Mixed precision training (fp16)

Many self-supervised approaches leverage mixed precision training by default for better training speed and reducing the model memory requirement. For this, you can either use NVIDIA Apex Library with AMP or Pytorch’s implementation.

If using Apex, users can tune the AMP level to the levels supported by NVIDIA. See this for details on Apex amp levels.

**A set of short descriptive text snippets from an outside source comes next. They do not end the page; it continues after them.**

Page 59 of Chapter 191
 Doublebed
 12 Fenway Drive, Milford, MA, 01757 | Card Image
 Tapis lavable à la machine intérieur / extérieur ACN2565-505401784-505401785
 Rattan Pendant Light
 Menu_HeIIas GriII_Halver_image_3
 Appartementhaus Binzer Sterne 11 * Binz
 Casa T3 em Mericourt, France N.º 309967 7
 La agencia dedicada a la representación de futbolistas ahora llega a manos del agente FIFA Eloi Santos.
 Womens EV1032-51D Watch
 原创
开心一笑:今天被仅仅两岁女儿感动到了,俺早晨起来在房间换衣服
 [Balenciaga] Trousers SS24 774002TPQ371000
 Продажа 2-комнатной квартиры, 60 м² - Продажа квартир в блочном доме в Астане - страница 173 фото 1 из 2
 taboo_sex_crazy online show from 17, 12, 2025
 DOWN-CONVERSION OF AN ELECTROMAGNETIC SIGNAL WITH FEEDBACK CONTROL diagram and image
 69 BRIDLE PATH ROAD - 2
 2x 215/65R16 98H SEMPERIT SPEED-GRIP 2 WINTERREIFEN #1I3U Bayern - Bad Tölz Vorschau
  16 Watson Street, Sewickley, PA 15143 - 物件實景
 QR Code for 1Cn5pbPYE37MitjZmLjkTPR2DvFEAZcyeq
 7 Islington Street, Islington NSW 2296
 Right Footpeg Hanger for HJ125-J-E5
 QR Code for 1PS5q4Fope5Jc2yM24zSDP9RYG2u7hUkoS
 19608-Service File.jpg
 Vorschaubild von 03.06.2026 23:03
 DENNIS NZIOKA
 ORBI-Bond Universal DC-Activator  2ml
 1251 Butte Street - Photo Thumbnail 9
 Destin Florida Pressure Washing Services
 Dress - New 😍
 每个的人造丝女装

To use Mixed precision training, one needs to set the following parameters in configuration file:

MODEL:
  AMP_PARAMS:
    USE_AMP: False
    # Only applicable for Apex AMP_TYPE
    # Use O1 as it is robust and stable than O3. If you want to use O3, we recommend the following setting:
    # {"opt_level": "O3", "keep_batchnorm_fp32": True, "master_weights": True, "loss_scale": "dynamic"}
    AMP_ARGS: {"opt_level": "O1"}
    # we support pytorch amp as well which is availale in pytorch>=1.6.
    AMP_TYPE: "apex"  # apex | pytorch

Using Apex

In order to use Apex, VISSL provides anaconda and pip packages of Apex (compiled with Optimzed C++ extensions/CUDA kernels). The Apex packages are provided for all versions of CUDA (9.2, 10.0, 10.1, 10.2, 11.0), PyTorch >= 1.4 and Python >=3.6 and <=3.9.

Follow VISSL’s instructions to install apex in pip and instructions to install apex in conda.